Le Prix Poésie a été remis à Humaine de Joanna Folivéli (éd Deux Points). L’autrice, déjà récompensée par Artémisia l’an passé pour sa première BD Devenir, s’émeut de cette nouvelle nomination et célèbre un nouveau mode de récit, celui de la « poésie dessinée ».
La cérémonie se poursuit. Une biographie a retenu l’attention du jury : « Simone de Beauvoir : Je veux tout de la vie » de Julia Korbik et Julia Bernhard (Steinkis), récompensée par le Prix Influence. Plusieurs BD avaient mis en image la vie de la célèbre philosophe. Toutefois, celle-ci parvient à capter l’essence de la pensée de l’autrice du Deuxième Sexe (1949).
Le Prix Résilience a été décerné à Victory Parade (Çà et là), de Leela Corman. Un album essentiel « au vu des bruits de bottes que l’on entend partout en Europe », alerte Christophe Vilain, membre du jury.

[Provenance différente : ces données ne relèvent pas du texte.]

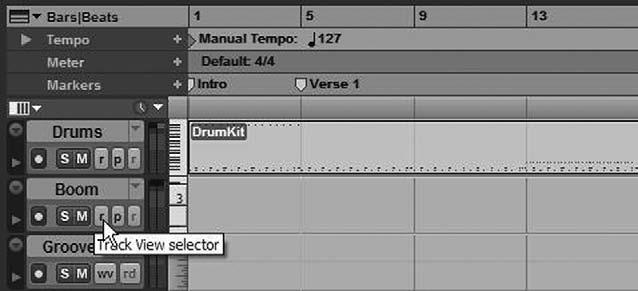 Create a MIDI Region Pro Tools provides a variety of ways to create MIDI data. In this section, you will use the Pencil tool to trigger playback of the Boom virtual instrument.
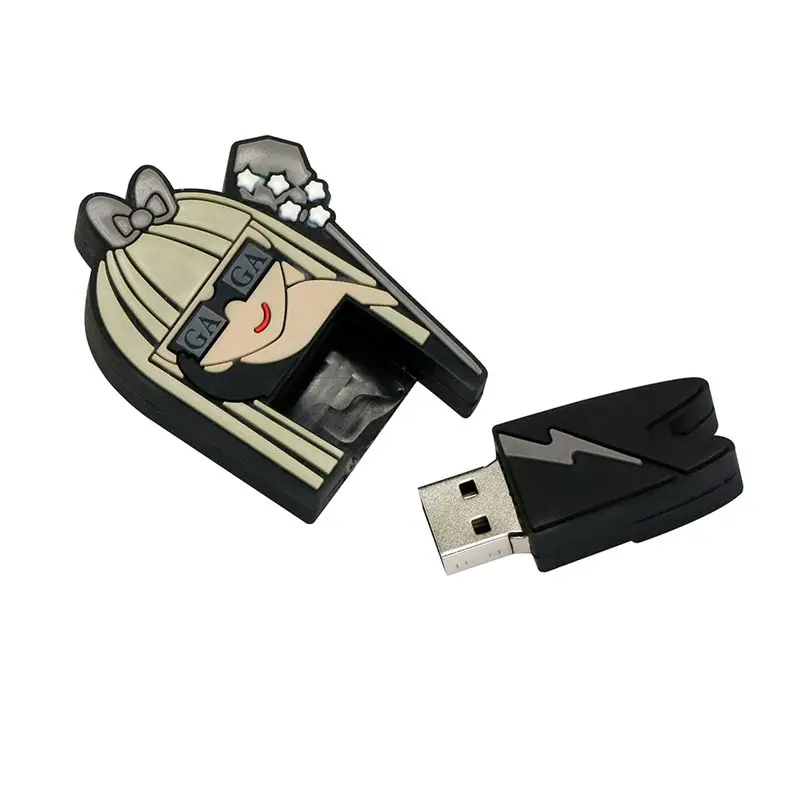 Kartun Lady GaGa Model Pen Drive 64GB Usb 2.0 Flash Drive 4GB 8GB 16GB 32GB Memory Stick Personalisasi Pendrive Hadiah Kreatif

L’un des albums phare de cette 18ème édition est Garçonnes de Trina Robbins, traduit de l’anglais par Marie-Paule Noël et publié par les éditions Bliss. Publié à titre posthume – l’autrice américaine est décédée en avril 2024 – l’album reçoit le Prix Pionnière. À juste titre. Trina Robbins a infiltré le milieu masculin du comics dès la fin des années 60 et s’est ensuite attelée à un travail d’historienne pour rendre hommage à ses consœurs “oubliées“. C’est l’objet de ce nouvel ouvrage qui met un coup de projecteur sur six autrices avant-gardistes qui ont révolutionné le 9e art dans les années 20.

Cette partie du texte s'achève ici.